Ten finalists faced off in front of a live audience and three distinguished judges, including Regional Sales Director of La Colombe and Founder of Installation Coffee Ben Usen, Michelin-Starred Chef & Culinary Visionary Giancarlo Morelli, and James Beard Award-Winning Author and Cocktail Consultant Jim Meehan. Their combined votes were added to the audience scores to name AJ Anderson with the Melt cocktail as the winning cocktail.

Anderson was awarded a $1,000 cash prize, sponsor gift basket, and well-deserved bragging rights for earning the title as this year’s Mountain Mixer Park City champion.
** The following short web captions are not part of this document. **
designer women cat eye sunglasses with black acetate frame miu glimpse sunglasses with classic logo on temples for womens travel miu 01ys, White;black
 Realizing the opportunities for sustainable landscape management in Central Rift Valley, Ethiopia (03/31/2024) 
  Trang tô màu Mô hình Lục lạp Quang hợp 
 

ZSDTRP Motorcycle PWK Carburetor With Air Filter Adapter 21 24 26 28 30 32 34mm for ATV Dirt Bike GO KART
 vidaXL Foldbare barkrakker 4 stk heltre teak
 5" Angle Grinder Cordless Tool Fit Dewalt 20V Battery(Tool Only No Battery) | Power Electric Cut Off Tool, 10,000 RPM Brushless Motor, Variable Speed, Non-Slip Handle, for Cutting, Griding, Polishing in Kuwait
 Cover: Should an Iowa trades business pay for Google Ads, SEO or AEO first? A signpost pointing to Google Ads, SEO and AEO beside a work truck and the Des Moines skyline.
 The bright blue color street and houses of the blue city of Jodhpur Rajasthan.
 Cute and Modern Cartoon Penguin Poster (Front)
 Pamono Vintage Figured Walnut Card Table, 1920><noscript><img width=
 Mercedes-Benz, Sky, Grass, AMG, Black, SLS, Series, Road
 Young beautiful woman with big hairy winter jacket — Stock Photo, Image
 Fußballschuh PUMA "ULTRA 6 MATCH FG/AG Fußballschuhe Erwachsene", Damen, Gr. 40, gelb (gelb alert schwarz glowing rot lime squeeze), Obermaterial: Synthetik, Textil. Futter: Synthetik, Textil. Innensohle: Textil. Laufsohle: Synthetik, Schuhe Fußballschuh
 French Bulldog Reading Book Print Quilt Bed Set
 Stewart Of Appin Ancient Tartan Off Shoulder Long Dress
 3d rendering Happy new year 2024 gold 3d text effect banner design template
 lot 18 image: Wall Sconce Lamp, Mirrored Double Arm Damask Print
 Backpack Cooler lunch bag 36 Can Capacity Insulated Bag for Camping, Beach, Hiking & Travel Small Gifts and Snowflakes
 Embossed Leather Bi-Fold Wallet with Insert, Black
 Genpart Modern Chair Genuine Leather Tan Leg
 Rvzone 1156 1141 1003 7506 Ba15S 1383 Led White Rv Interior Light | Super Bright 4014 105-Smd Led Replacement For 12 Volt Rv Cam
Care to try the Melt cocktail at home? Here is the recipe from AJ Anderson: 

The Inspiration:

Park City has two different vibes. A winter wonderland, and a lovely mountain escape during the summer heat. This drink starts like an old fashioned before melting into a tropical, fruity, tiki style cocktail. Two vibes in one. The flamed orange peel “starts” the melting process. Once the cube is fully melted, drinker is rewarded with a cherry at the center

The Recipe:

Ingredients

  • 1.5 oz High West Double Rye
  • 0.5 oz Pusser’s British Navy Rum
  • 0.5 oz Domaine de Canton Ginger Liqueur
  • 0.25 oz Demerara Sugar Syrup
  • 2 dashes Angostura Bitters
  • 2 dashes Burnt Honey Hops Bitters (by Bitters Lab)
  • Ice (for stirring)
  • Orange peel coin (for flaming)
  • Cinnamon (to cover 1/3 of rim)
  • Pineapple juice + coconut water ice cube with cherry center*

*Mix 1 part coconut water, 1 part pineapple juice, and 1 part filtered water. Pour into 2×2 ice molds with a cherry in each. Freeze 24+ hours.

Instructions

  1. Pour rye, rum, ginger liqueur, sugar syrup, and both bitters into a mixing glass.
  2. Add ice and stir for 20 seconds (not full dilution).
  3. Prepare a double rocks glass. Cover one-third of the rim with cinnamon.
  4. Place the pineapple–coconut ice cube in the glass.
  5. Strain the cocktail over the ice cube.
  6. Flame an orange peel coin over the drink and drop it on top of the cube.
  7. Let the ice slowly melt — the drink evolves from an old fashioned into a tropical tiki-style cocktail.